Start of Dataset section
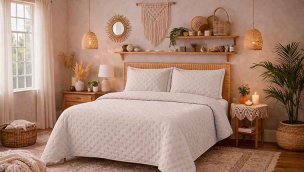 Bambi Yatak'dan Vellora Yatak Örtüsü Seti kampanyası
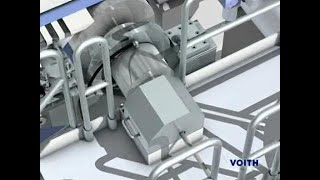 Voith headbox optimization product DuoShake in paper machines EN [upl. by Arraic375]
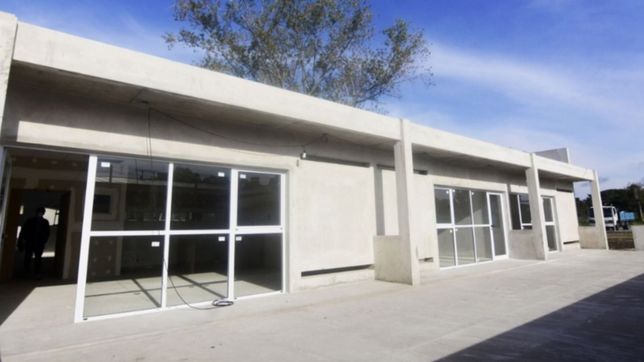 encaran la ultima etapa de la obra del primer jardin autosustentable de la plata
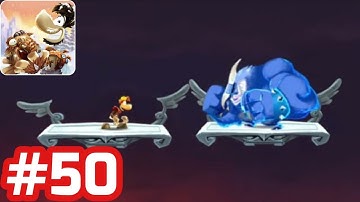 Rayman Adventures - Gameplay Walkthrough - Part 50 Adventure 49 (iOS/Android)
End of Dataset section
§ What to do: Exactly the lines from the one containing "encaran la ultima" through the last line of the material above, both included and free of pictures, should make up your answer, please.

§ Result of the exercise:
 encaran la ultima etapa de la obra del primer jardin autosustentable de la plata
 Rayman Adventures - Gameplay Walkthrough - Part 50 Adventure 49 (iOS/Android)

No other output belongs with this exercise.